Изменить размер шрифта - +
О Ленде я не спрашиваю, поскольку ей известно то же, что и мне. Хотя и ее можно отправить за дверь.

— Обойдется. — Петунка по-прежнему хранила спокойствие. — У меня нет секретов от присутствующих.

— Людей, — подсказал Збрхл, выразительно глянув на Дропа.

— Присутствующих, — повторила она с нажимом. — Не знаю, как с жизнью, но лицо мне Дроп от чертова нетопыря спас точно. За что, при всем моем бабском непостоянстве, я ему искренне благодарна.

Попугай надулся индюком. Збрхл умолк.

— У твоей матери, — продолжал Дебрен, — в апреле 1407 года было приключение с бельницким гвардейцем. Приключение, о котором, полагаю, она слишком много и с особым желанием дочке не рассказывала.

— Справедливо полагаешь.

— Ты вынудила ее своими вопросами об отце. — Петунка не ответила, однако было ясно, что попал он в точку. — Она сказала только то, что должна была. Время, место, человек. Никаких подробностей. Также, как ты Роволетто. Но Роволетто, кроме художественного дара, обладал еще и магическим. Место он нарисовал как на окографии: мечи, которых ты не упоминала, герб… Ты решила, что это заслуга магии и таланта, поэтому не стала забивать себе голову размышлениями над картиной.

— Короче, — попросила она.

— Прости. Магии и таланта, вероятно, было бы достаточно. Но твоя мать влезла со своими замечаниями и кое-что добавила от себя. — У Збрхла вытянулось лицо, однако он смолчал. Лицо насильника Роволетто никак не мог извлечь из твоих воспоминаний. Герб — мог. Ты-то его не запомнила, но твое подсознание — да. А вот лицо — дело другое. Оно слишком молодое. Это лицо Гвадрика, но такое, каким оно было в 1407 году. — Петунка поняла сразу, и, вероятно, поэтому ее собственное лицо не изменилось, а осталось таким же, каким было: невыразительной маской, идеальной — и искусственной. — В 1406 году армии Старогуцкого Договора двинулись на Смойеед удушать феодальный переворот и нести братскую помощь смойеедскому народу. Тогда сильно запахло большой войной с Востоком, поэтому демократы мобилизовали крупные силы. Когда совройский контингент вышел из Лонско, чтобы вмешаться, Морвак вспомнил о нескольких спорных деревушках на пограничье и о каких-то старых долгах, возникших еще до установления республики. Самые крупные пессимисты предсказывали два нападения на Лонско: феодалов с востока и морваков с юга. Возможно, даже лелонцев. Неудивительно, что имели место серьезные военные приготовления. Я не очень уверен, но нечто подобное я видывал в западной Лелонии, тоже в демократические времена. Когда под Думайкой слишком крепко запахло куммонами, власти с радостью обратились за помощью к своим феодалам. Это не доказано, но думаю, что 1407 год был единственным, когда демократы могли доверить потомку бывших владык знаменитый меч предков. Да и то лишь потому, что ему предстояло драться за границей.

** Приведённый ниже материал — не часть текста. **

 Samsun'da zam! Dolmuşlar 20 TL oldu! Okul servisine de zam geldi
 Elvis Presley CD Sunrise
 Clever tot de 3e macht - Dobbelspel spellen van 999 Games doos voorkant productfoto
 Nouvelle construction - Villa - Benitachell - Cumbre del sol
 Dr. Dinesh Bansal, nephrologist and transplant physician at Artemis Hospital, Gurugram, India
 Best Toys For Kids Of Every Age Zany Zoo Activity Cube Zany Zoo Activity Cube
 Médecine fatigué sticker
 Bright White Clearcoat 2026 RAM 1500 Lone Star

— Меч? — заинтересовался Збрхл.

— Бесяра Леомира, — пояснила Ленда. — Тот, с гербом, как на уринале Ганека Великого.

— И тот, который изобразил Роволетто, — дополнил Дебрен.

Петунка скрывала под маской спокойствия немалое изумление, поэтому он не остановился и продолжил:

— Ленда узнала оружие на картине. Все совпадает вплоть до выщербины на клинке. Не совпадает лишь время. В 1429 году самый тупой демократ не вложил бы ничего подобного в руки потомка княжеского рода. А в 1407 году даже самый тупой демократ не стал бы высылать против морваков армию со столбомужем на латах. Князя в родовых доспехах с бесярским мечом — мог… За одним князем легко присмотреть. Но правительство, которое позволило бы украшать форму национальной армии гербами бывших владык, мгновенно оказалось бы в совройской тайге с топорами в руках и невероятно завышенной нормой ежедневного лесоповала.